*** Data shown

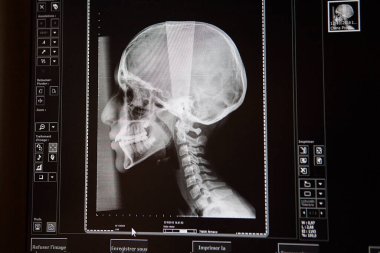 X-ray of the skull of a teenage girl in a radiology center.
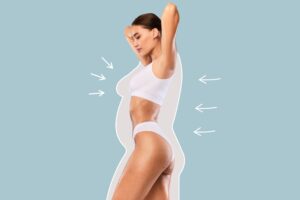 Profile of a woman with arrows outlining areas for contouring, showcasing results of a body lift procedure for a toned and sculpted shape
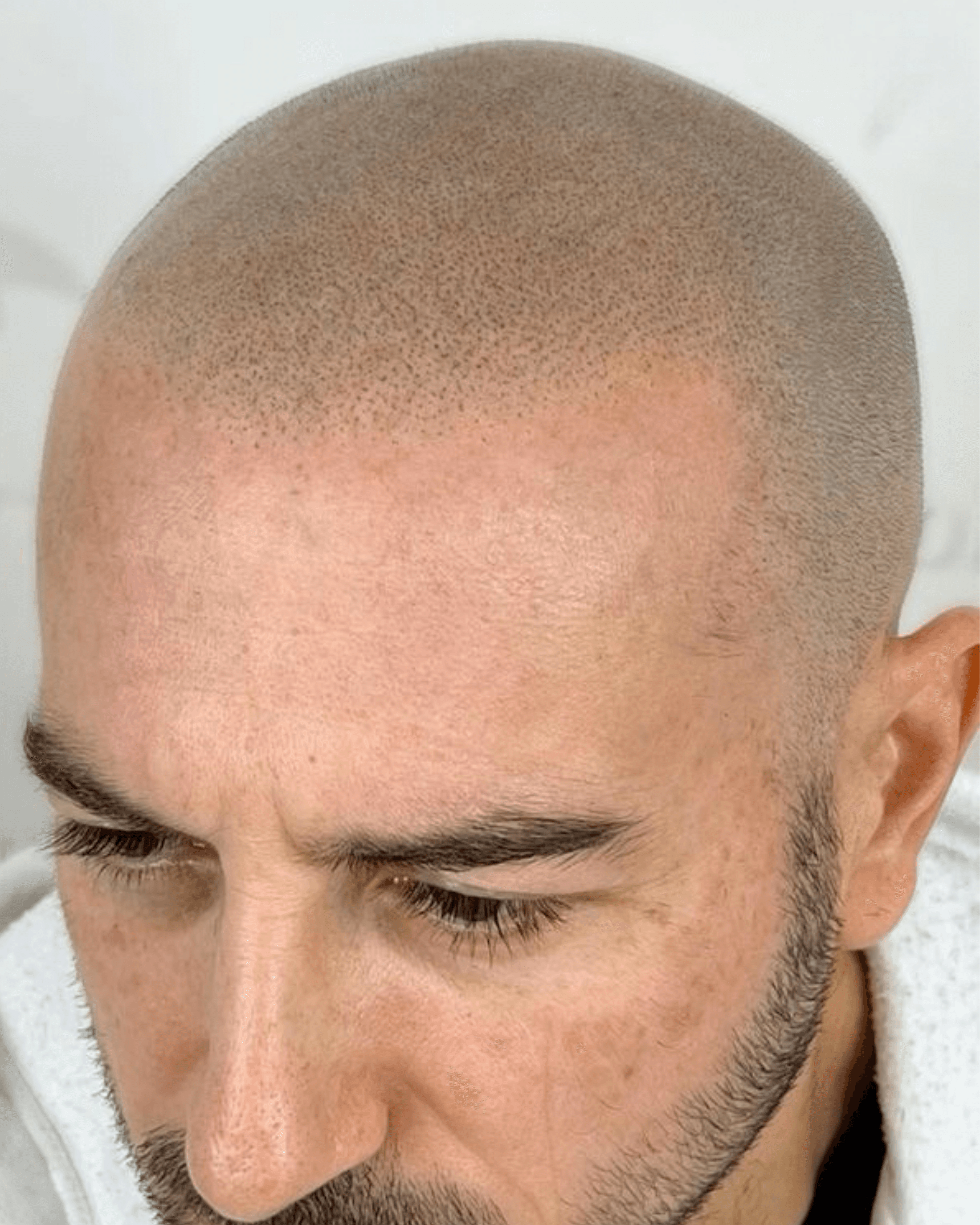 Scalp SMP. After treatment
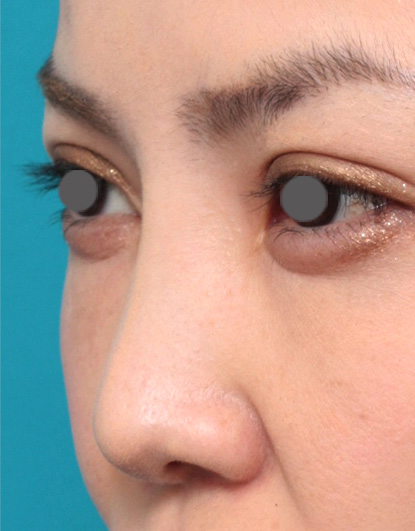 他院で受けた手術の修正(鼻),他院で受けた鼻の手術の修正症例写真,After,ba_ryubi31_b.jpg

******
*** Data shown

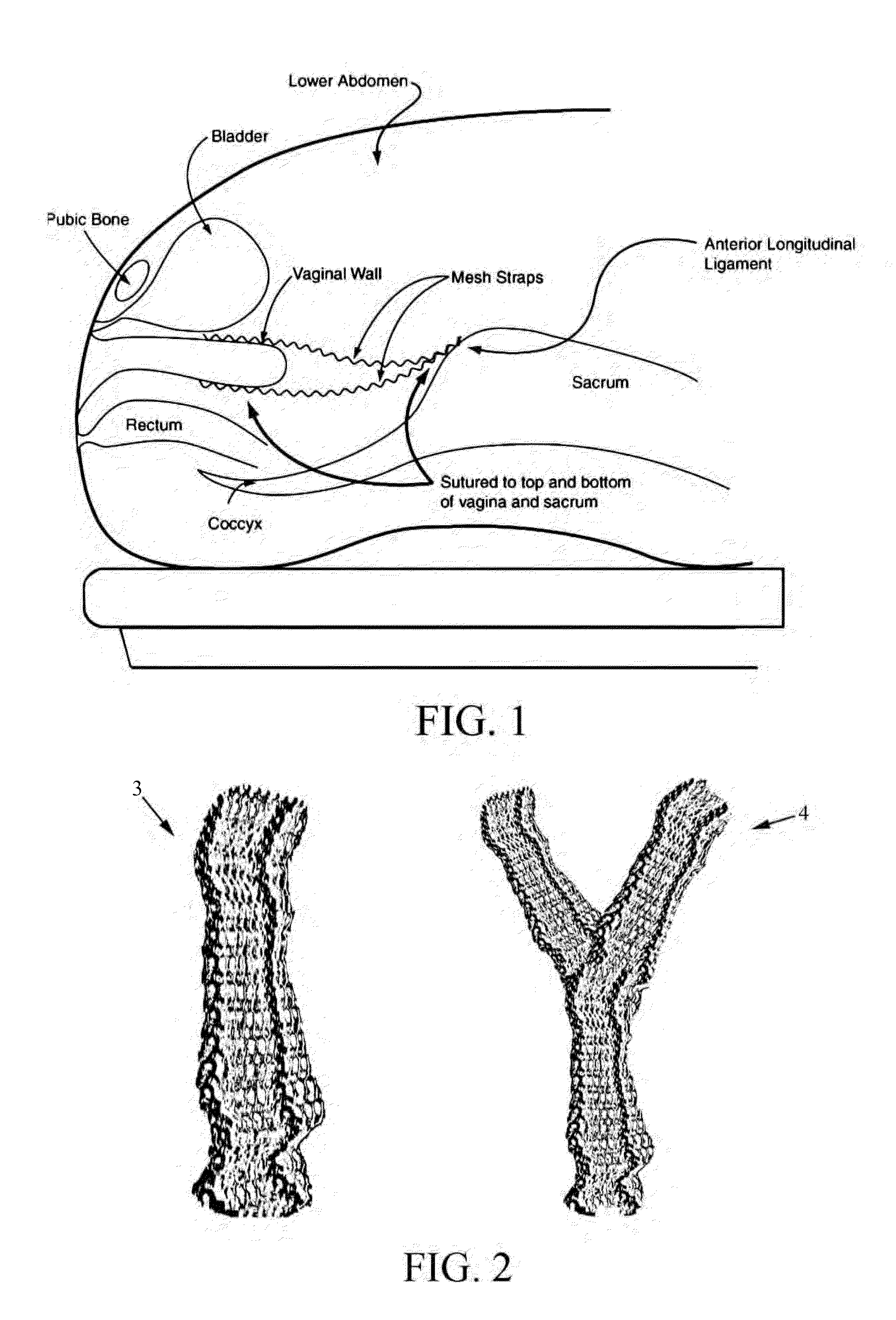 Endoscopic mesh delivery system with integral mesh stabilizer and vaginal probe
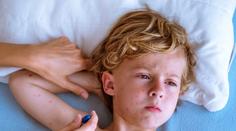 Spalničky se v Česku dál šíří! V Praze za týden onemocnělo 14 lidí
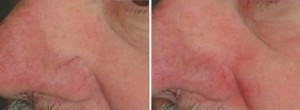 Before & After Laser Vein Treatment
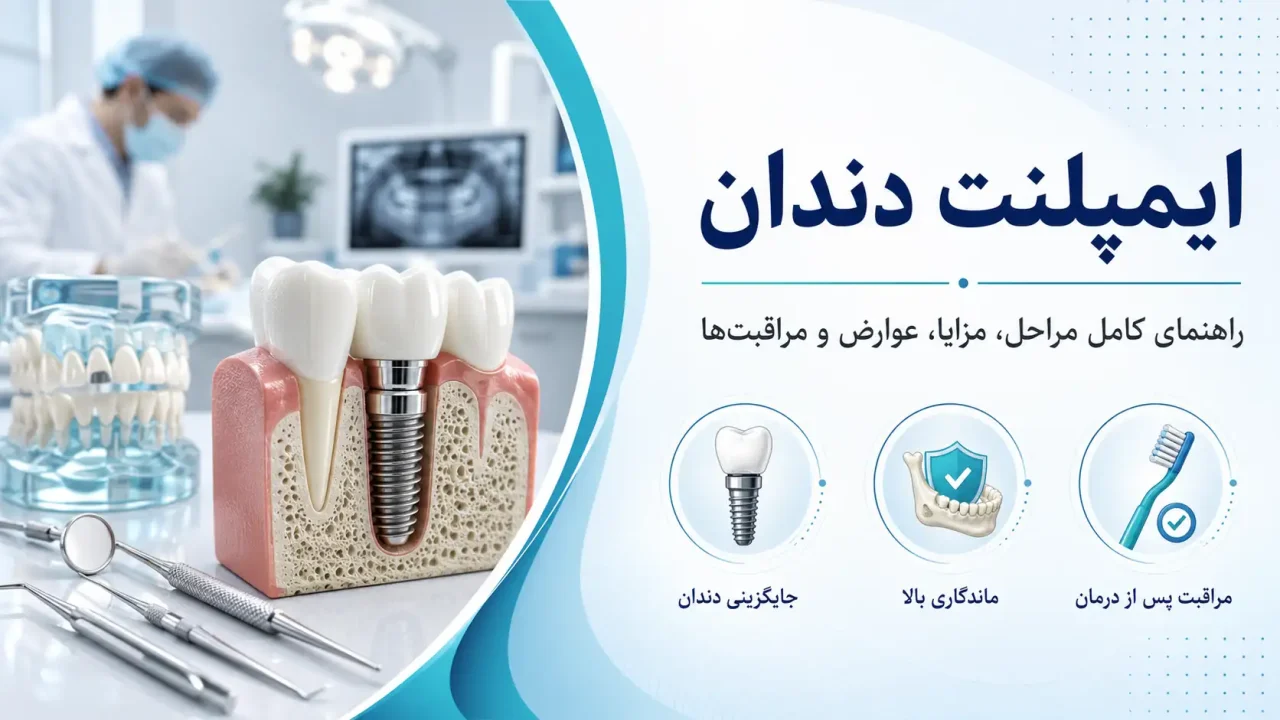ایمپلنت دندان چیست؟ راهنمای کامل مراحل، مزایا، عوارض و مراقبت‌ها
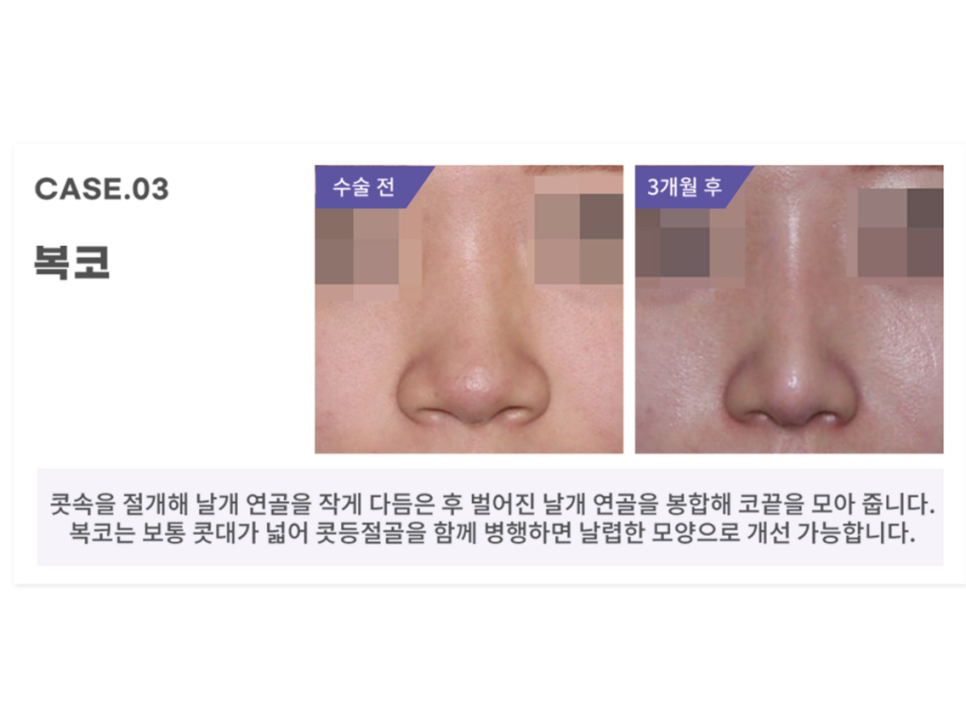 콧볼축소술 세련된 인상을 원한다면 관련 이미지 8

******

Directions for this task = Beginning with the line that contains "X-ray of the" and ending with the line that contains "他院で受けた手術の修正(鼻)", reproduce the listing exactly, pictures excluded.

Output below =
 X-ray of the skull of a teenage girl in a radiology center.
 Profile of a woman with arrows outlining areas for contouring, showcasing results of a body lift procedure for a toned and sculpted shape
 Scalp SMP. After treatment
 他院で受けた手術の修正(鼻),他院で受けた鼻の手術の修正症例写真,After,ba_ryubi31_b.jpg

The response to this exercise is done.